A análise do advogado e também professor da FURG, José Ricardo Costa, vai na mesma linha. Ele compara os impactos negativos das monoculturas do agronegócio para a segurança alimentar do país com os impactos da pesca de arrasto. “Assim como estamos vendo no agronegócio uma grande produção de grãos e um monte de gente passando fome, é o que a gente vê por aqui. Os grandes arrastos não são fiscalizados”, acrescenta.
Ele classifica a Lei da Pesca do Rio Grande do Sul como uma questão de “proteção do meio ambiente e da vida de pescadores e pescadoras”. Segundo José Ricardo Costa, os estoques pesqueiros da região gaúcha já vêm demonstrando melhorias após a implementação da Lei.“É tudo muito pequeno, mas que dá para ter uma dimensão grandiosa para dizermos não ao arrasto porque não é sustentável.”
O aumento dos estoques pesqueiros foi enfatizado no relato da pescadora e presidenta da Associação de Pescadores de Guaíba e dos fóruns do Delta do Jacuí e do Norte da Lagoa dos Patos, Noemi Brum. “Eu pegava de 20 a 30 quilos de peixe por dia. Hoje, eu deixo minha rede na água e pego de 60 a 70 quilos. São espécies que voltaram”. Para ela, o enfraquecimento da Lei pode significar o fim da pesca artesanal. “O descarte deles é o nosso sustento!”, afirma.
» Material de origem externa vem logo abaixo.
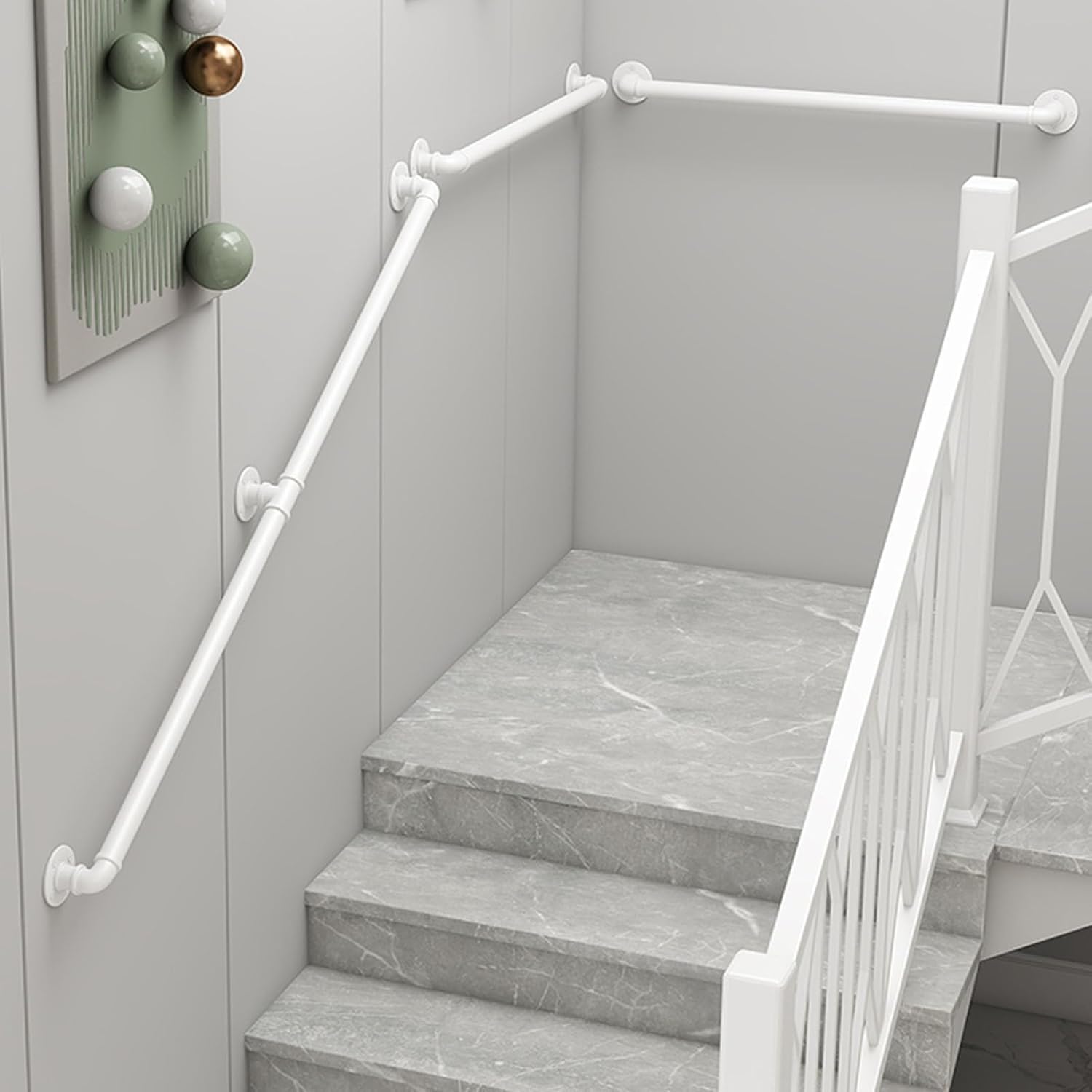 Modern Staircase Handrail with Wall Mount Support Round Corner Pipe Banister Metal Iron Grab Bar Safety Hand Railing Indoor Outdoor Stair Porch Deck Hand Rail, White (Size : 9ft) (16.4ft)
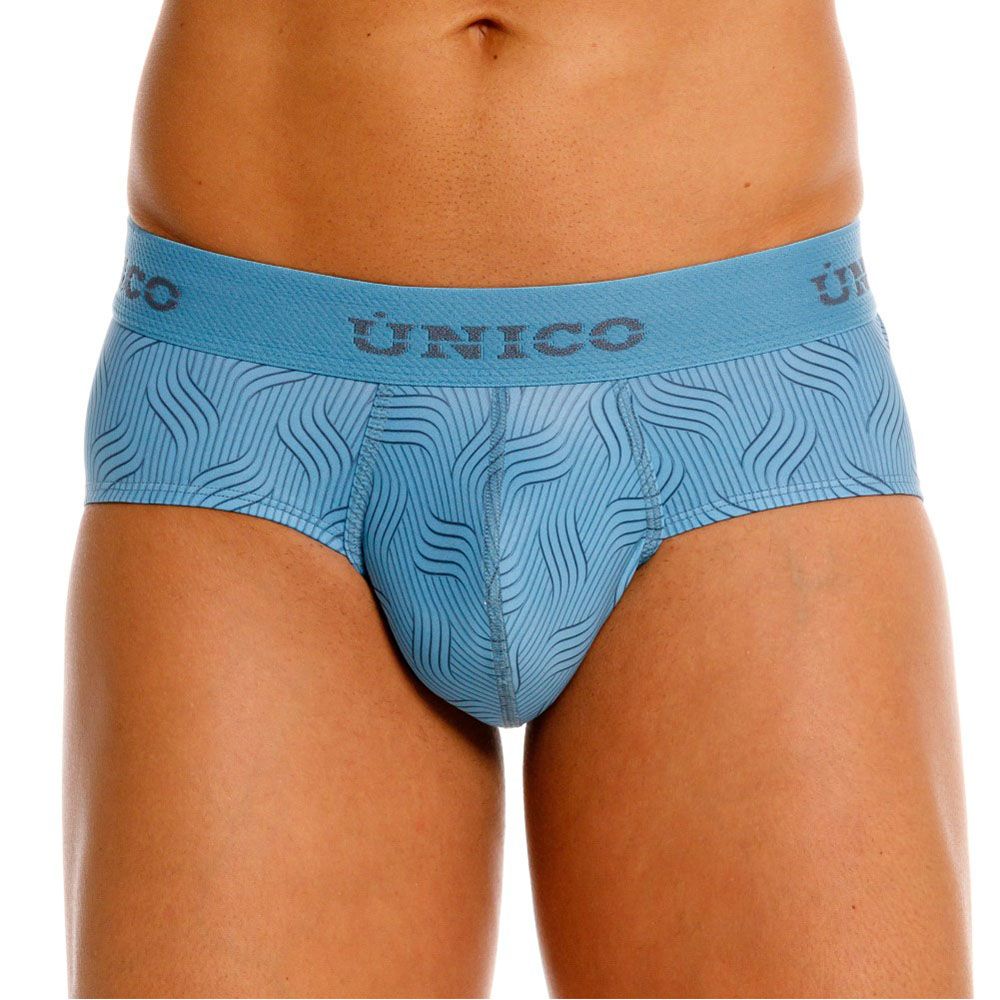 Light blue unico 26020101111 lenoso men’s briefs with subtle wave pattern on soft breathable fabric
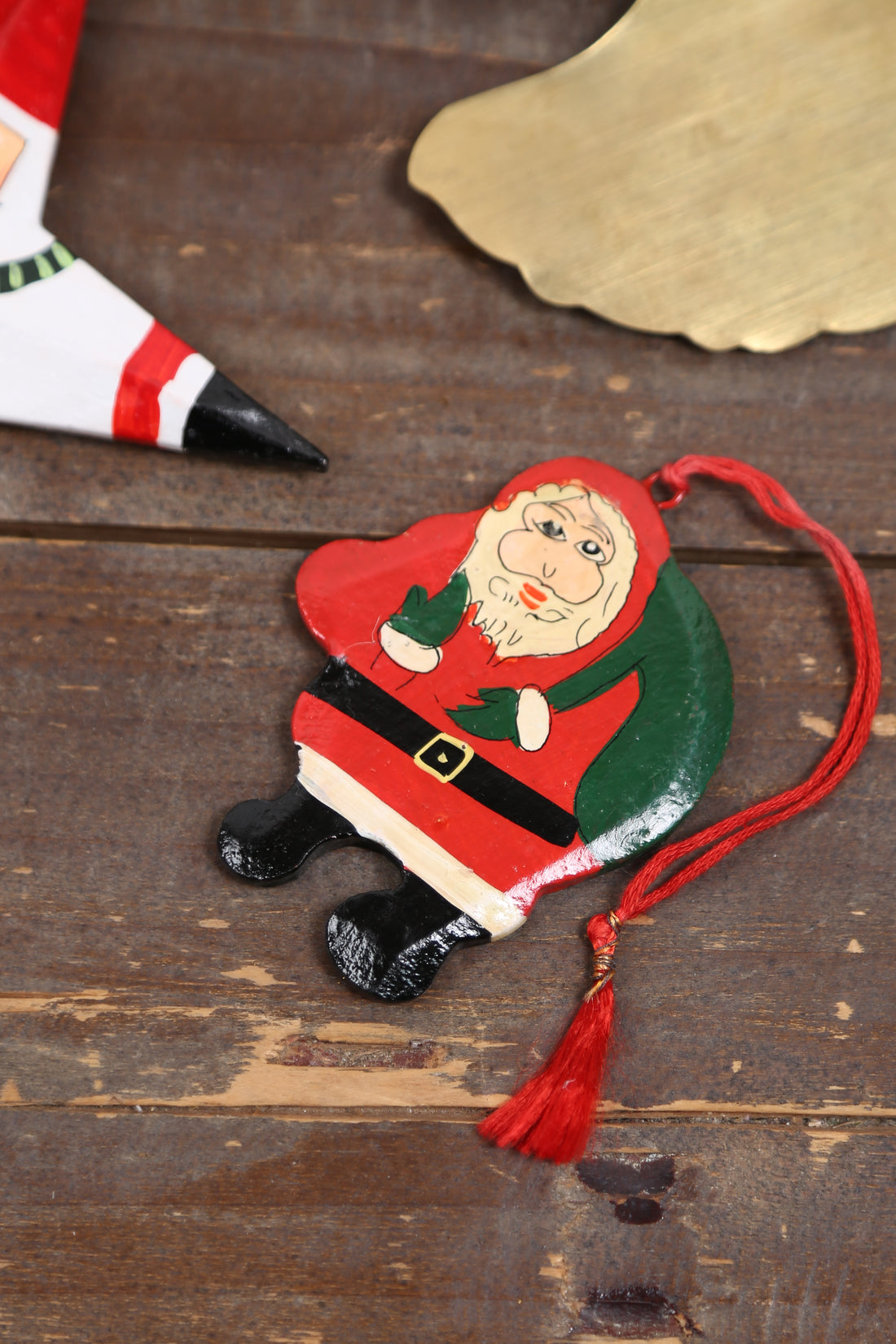 Hand Painted Wooden Santa Ornament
Para o pescador e integrante do Fórum da Lagoa dos Patos e do Movimento dos Pescadores e Pescadoras Artesanais (MPP), Nilmar Conceição, a transformação também é evidente. “Eu sou pescador desde os meus 10 anos e já não existiam algumas pescarias. Desde que a lei foi implementada, estamos encontrando espécies que não apareciam há 10 e 20 anos.”
Os debates a cerca das ameaças à Lei 15.223/2018 do Rio Grande do Sul continuaram acontecendo entre os movimentos e organizações envolvidas de modo a divulgar nacionalmente a importância de legislações que proíbam práticas predatórias e a pressionar o STF sobre a liberação da pesca de arrasto no litoral gaúcho, decidida no final do ano passado.